> **Task brief**
When copying the data, keep every line exactly the same.

================

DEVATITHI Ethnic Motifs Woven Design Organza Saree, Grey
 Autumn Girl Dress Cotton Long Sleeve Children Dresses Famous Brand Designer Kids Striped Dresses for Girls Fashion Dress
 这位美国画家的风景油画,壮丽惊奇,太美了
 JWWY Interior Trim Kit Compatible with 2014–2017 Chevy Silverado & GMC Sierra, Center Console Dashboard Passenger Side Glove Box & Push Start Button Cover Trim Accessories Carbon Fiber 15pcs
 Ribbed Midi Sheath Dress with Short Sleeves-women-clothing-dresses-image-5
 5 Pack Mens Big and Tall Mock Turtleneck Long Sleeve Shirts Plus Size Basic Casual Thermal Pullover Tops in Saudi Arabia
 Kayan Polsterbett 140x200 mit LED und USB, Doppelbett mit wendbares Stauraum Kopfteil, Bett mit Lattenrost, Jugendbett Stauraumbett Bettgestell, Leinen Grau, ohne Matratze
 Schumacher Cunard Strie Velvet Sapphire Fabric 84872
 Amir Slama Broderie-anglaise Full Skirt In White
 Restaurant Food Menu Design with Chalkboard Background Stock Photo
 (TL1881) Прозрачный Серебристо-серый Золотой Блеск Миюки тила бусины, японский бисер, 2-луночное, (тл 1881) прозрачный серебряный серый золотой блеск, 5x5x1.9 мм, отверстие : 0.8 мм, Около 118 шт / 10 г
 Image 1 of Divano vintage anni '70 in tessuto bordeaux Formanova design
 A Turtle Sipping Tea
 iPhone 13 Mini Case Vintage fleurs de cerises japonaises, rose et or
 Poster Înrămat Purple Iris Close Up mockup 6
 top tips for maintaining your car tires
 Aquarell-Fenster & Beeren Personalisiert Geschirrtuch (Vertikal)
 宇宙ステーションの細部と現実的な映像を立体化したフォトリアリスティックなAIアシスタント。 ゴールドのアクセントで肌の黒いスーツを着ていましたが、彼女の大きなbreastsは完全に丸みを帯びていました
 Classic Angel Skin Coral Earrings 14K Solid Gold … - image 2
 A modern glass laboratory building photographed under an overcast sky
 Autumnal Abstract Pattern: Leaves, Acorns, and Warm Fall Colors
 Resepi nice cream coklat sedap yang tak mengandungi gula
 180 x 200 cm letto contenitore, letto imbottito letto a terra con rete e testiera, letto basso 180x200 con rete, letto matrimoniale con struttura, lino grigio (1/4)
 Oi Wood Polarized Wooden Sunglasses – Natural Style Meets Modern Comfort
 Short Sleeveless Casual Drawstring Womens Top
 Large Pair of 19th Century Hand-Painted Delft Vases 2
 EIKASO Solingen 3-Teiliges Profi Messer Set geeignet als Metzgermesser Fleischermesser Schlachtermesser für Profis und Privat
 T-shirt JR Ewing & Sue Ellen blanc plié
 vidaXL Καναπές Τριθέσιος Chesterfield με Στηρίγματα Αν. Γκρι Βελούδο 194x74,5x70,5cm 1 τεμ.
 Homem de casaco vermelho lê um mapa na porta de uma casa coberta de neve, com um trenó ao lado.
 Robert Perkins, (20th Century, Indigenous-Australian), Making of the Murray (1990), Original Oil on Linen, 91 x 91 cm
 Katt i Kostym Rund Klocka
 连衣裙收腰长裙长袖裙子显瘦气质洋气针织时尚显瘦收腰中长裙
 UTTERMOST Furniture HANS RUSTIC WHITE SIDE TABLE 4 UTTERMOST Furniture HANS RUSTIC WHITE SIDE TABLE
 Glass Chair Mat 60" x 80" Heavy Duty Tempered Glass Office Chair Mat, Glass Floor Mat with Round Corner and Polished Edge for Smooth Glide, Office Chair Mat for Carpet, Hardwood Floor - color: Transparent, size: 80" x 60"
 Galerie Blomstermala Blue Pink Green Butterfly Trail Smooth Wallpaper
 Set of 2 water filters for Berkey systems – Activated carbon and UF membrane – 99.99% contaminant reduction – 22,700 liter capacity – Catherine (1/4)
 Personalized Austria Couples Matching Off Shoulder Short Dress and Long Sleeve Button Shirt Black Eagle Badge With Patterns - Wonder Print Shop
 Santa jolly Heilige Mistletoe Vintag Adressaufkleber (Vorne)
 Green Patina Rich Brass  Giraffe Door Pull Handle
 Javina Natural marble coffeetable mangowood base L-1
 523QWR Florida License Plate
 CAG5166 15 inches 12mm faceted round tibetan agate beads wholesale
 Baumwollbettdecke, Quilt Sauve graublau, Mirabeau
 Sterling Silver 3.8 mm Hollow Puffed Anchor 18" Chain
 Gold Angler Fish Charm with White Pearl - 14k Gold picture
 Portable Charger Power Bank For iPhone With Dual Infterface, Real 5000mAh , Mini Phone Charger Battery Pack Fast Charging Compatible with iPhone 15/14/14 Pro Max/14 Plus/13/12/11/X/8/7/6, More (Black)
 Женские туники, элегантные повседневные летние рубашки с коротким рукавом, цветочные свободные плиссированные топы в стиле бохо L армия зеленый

================

> **Response to the exercise**
DEVATITHI Ethnic Motifs Woven Design Organza Saree, Grey
 Autumn Girl Dress Cotton Long Sleeve Children Dresses Famous Brand Designer Kids Striped Dresses for Girls Fashion Dress
 这位美国画家的风景油画,壮丽惊奇,太美了
 JWWY Interior Trim Kit Compatible with 2014–2017 Chevy Silverado & GMC Sierra, Center Console Dashboard Passenger Side Glove Box & Push Start Button Cover Trim Accessories Carbon Fiber 15pcs
 Ribbed Midi Sheath Dress with Short Sleeves-women-clothing-dresses-image-5
 5 Pack Mens Big and Tall Mock Turtleneck Long Sleeve Shirts Plus Size Basic Casual Thermal Pullover Tops in Saudi Arabia
 Kayan Polsterbett 140x200 mit LED und USB, Doppelbett mit wendbares Stauraum Kopfteil, Bett mit Lattenrost, Jugendbett Stauraumbett Bettgestell, Leinen Grau, ohne Matratze
 Schumacher Cunard Strie Velvet Sapphire Fabric 84872
 Amir Slama Broderie-anglaise Full Skirt In White
 Restaurant Food Menu Design with Chalkboard Background Stock Photo
 (TL1881) Прозрачный Серебристо-серый Золотой Блеск Миюки тила бусины, японский бисер, 2-луночное, (тл 1881) прозрачный серебряный серый золотой блеск, 5x5x1.9 мм, отверстие : 0.8 мм, Около 118 шт / 10 г
 Image 1 of Divano vintage anni '70 in tessuto bordeaux Formanova design
 A Turtle Sipping Tea
 iPhone 13 Mini Case Vintage fleurs de cerises japonaises, rose et or
 Poster Înrămat Purple Iris Close Up mockup 6
 top tips for maintaining your car tires
 Aquarell-Fenster & Beeren Personalisiert Geschirrtuch (Vertikal)
 宇宙ステーションの細部と現実的な映像を立体化したフォトリアリスティックなAIアシスタント。 ゴールドのアクセントで肌の黒いスーツを着ていましたが、彼女の大きなbreastsは完全に丸みを帯びていました
 Classic Angel Skin Coral Earrings 14K Solid Gold … - image 2
 A modern glass laboratory building photographed under an overcast sky
 Autumnal Abstract Pattern: Leaves, Acorns, and Warm Fall Colors
 Resepi nice cream coklat sedap yang tak mengandungi gula
 180 x 200 cm letto contenitore, letto imbottito letto a terra con rete e testiera, letto basso 180x200 con rete, letto matrimoniale con struttura, lino grigio (1/4)
 Oi Wood Polarized Wooden Sunglasses – Natural Style Meets Modern Comfort
 Short Sleeveless Casual Drawstring Womens Top
 Large Pair of 19th Century Hand-Painted Delft Vases 2
 EIKASO Solingen 3-Teiliges Profi Messer Set geeignet als Metzgermesser Fleischermesser Schlachtermesser für Profis und Privat
 T-shirt JR Ewing & Sue Ellen blanc plié
 vidaXL Καναπές Τριθέσιος Chesterfield με Στηρίγματα Αν. Γκρι Βελούδο 194x74,5x70,5cm 1 τεμ.
 Homem de casaco vermelho lê um mapa na porta de uma casa coberta de neve, com um trenó ao lado.
 Robert Perkins, (20th Century, Indigenous-Australian), Making of the Murray (1990), Original Oil on Linen, 91 x 91 cm
 Katt i Kostym Rund Klocka
 连衣裙收腰长裙长袖裙子显瘦气质洋气针织时尚显瘦收腰中长裙
 UTTERMOST Furniture HANS RUSTIC WHITE SIDE TABLE 4 UTTERMOST Furniture HANS RUSTIC WHITE SIDE TABLE
 Glass Chair Mat 60" x 80" Heavy Duty Tempered Glass Office Chair Mat, Glass Floor Mat with Round Corner and Polished Edge for Smooth Glide, Office Chair Mat for Carpet, Hardwood Floor - color: Transparent, size: 80" x 60"
 Galerie Blomstermala Blue Pink Green Butterfly Trail Smooth Wallpaper
 Set of 2 water filters for Berkey systems – Activated carbon and UF membrane – 99.99% contaminant reduction – 22,700 liter capacity – Catherine (1/4)
 Personalized Austria Couples Matching Off Shoulder Short Dress and Long Sleeve Button Shirt Black Eagle Badge With Patterns - Wonder Print Shop
 Santa jolly Heilige Mistletoe Vintag Adressaufkleber (Vorne)
 Green Patina Rich Brass  Giraffe Door Pull Handle
 Javina Natural marble coffeetable mangowood base L-1
 523QWR Florida License Plate
 CAG5166 15 inches 12mm faceted round tibetan agate beads wholesale
 Baumwollbettdecke, Quilt Sauve graublau, Mirabeau
 Sterling Silver 3.8 mm Hollow Puffed Anchor 18" Chain
 Gold Angler Fish Charm with White Pearl - 14k Gold picture
 Portable Charger Power Bank For iPhone With Dual Infterface, Real 5000mAh , Mini Phone Charger Battery Pack Fast Charging Compatible with iPhone 15/14/14 Pro Max/14 Plus/13/12/11/X/8/7/6, More (Black)
 Женские туники, элегантные повседневные летние рубашки с коротким рукавом, цветочные свободные плиссированные топы в стиле бохо L армия зеленый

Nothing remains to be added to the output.